Please fix this immediately – the national, regional and local economies need these small businesses and equal opportunities to employment, to jobs and to create businesses that can provide employment. This can’t be left as they’ve decided to manage and do this. It is unlawful, damaging to our communities and individually, barrier sustaining rather than removing those barriers to credit products to startup businesses and equal opportunities to fund those businesses appropriately.

These things represent unfair trade practices and are fraudulent to be portrayed as any real access to capital and resources for startups in disadvantaged communities or to disadvantaged populations, including women, and minorities. It is a form of loan sharking and completes a fully funded barrier to those populations for starting a business, in fact.

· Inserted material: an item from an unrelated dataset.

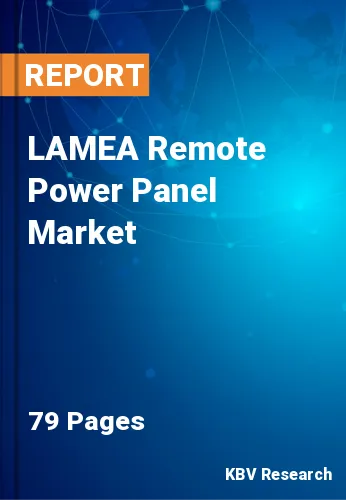 LAMEA Remote Power Panel Market Size, Projection to 2023-2029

The other incentives, resources, grants and access to programs to help the startup business under these policies are all contingent on the applicants being accepted for their credit products or otherwise – none of these other things are available either. It is completely and significantly a barrier to economic opportunities and equality to access them.

And yes, it is four times higher in interest rates than for traditional banking products, bonds and other commercial financial products because these companies are charging loan initiation fees of 1% on top of all that which is thoroughly illegal and represents nothing but the same loan sharking process that got our nation into this mess in the first place.